I bring that up because at that time — late 2016 and early 2017 — I think I could count a handful of Muslim authors that I knew, but now that has grown so much. My Muslim shelf space was the picture that I shared [of about] five books. Now my Muslim shelf space has grown to more than a shelf; [it’s] more like a bookshelf, a full IKEA bookshelf of Muslim books. It's amazing to be amongst people who are all contributing and writing, and not just waiting but taking part. I think it's okay if the community is really big and everyone's doing different initiatives, whether it's Highlights [or] other things that people do like Ramadan [reading lists]. [That’s] all to say [that] we deserve to be here, and our stories deserve to be read and celebrated.
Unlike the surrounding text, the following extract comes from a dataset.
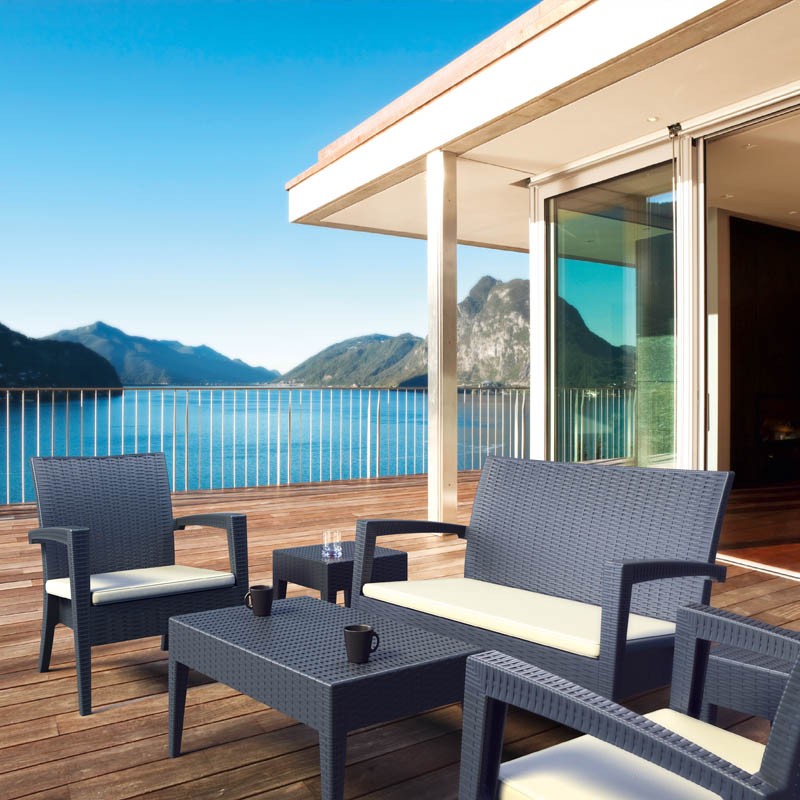 Salon de jardin empilable Miami Gris PLASTIQUE | 1 Unité(s)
Fann Staff: Do you have any advice for aspiring Muslim and Desi writers?
S. K. Ali: I think the less that we center the external or dominant gaze, the better that our work will be. I think it's fresher if we write about things that we want to and not about certain things that are connected to us all the time, like arranged marriage. The fascinations the dominant lens has about us are oftentimes wedded to the orientalist gaze; Edward Said’s "Orientalism" is such a hallmark work for understanding why we're perpetually the other. When we think, ‘Everyone will understand if I do this arranged marriage story’ or something [else] that they often wed to our communities, I think those are going to continuously be circulated in our society and won't really enlarge the possibilities for the writers who come after us. I always use the words, ‘Don’t be limited by the canon before you’ because you we're not part of that canon. You get to help reshape it and bring fresh new things that you're interested in, and particularly [bring it in] new directions.
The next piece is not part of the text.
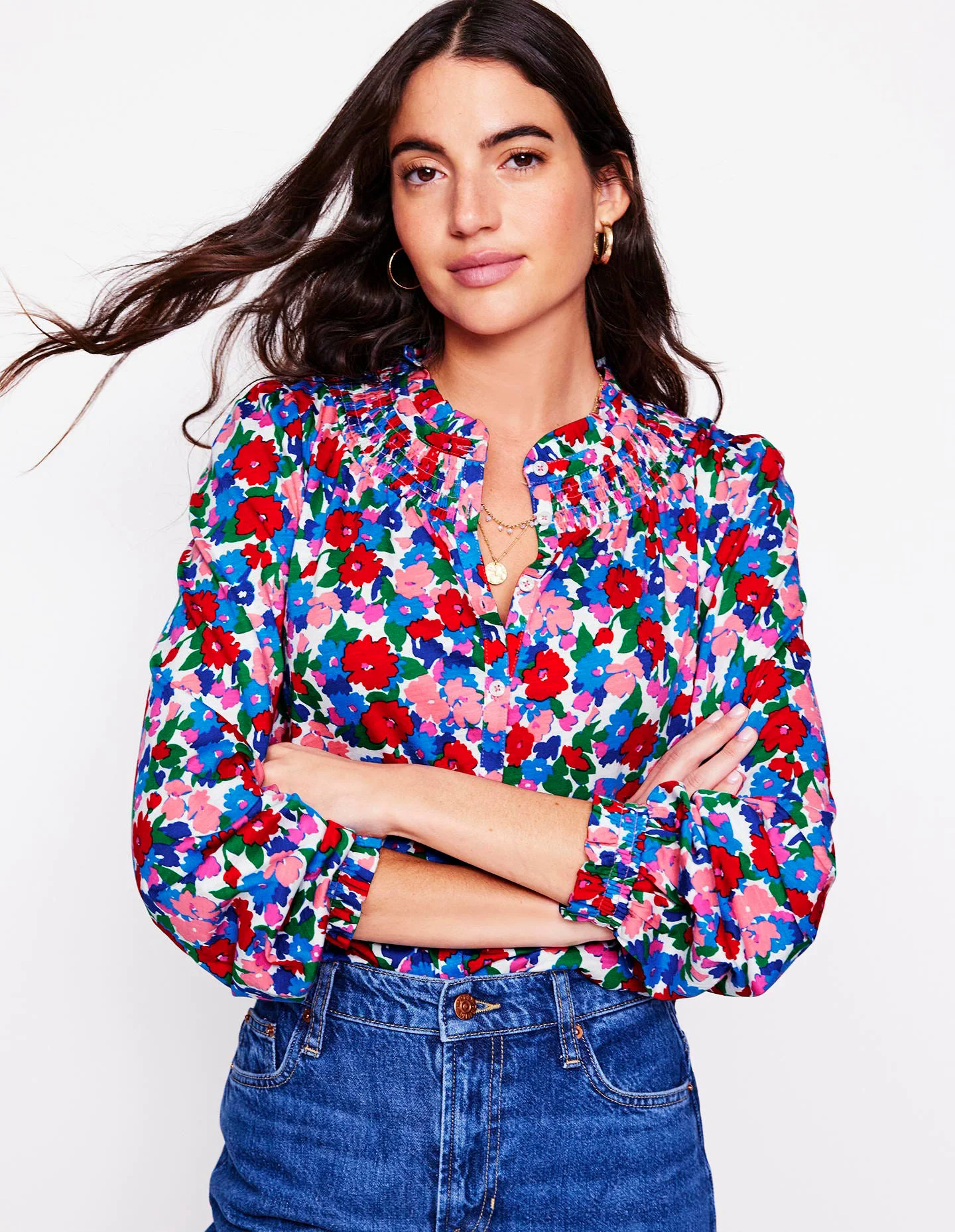 Fay Smocked Jersey Shirt-Multi, Painterly Meadow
[Your work] doesn't always have to piggyback off of everything people already know. Not everything has to be based on the Western canon is what I'm trying to say. It doesn't have to be another retelling of this or based on this movie or story. I understand why people do it to give a frame of reference. [We shouldn’t] refrain from bringing in new frames of references that the people after us will be grateful to have. That's how the Western canon got shaped — it was by people bringing in cultures that are [more diverse within] the west. Different flavors got added, so we have to add in our own and be confident in our own frames of references based on whatever we've been shaped by in our lives, and [we have to] share it. I think it'll be dynamic and fresh; I think people will be drawn to it.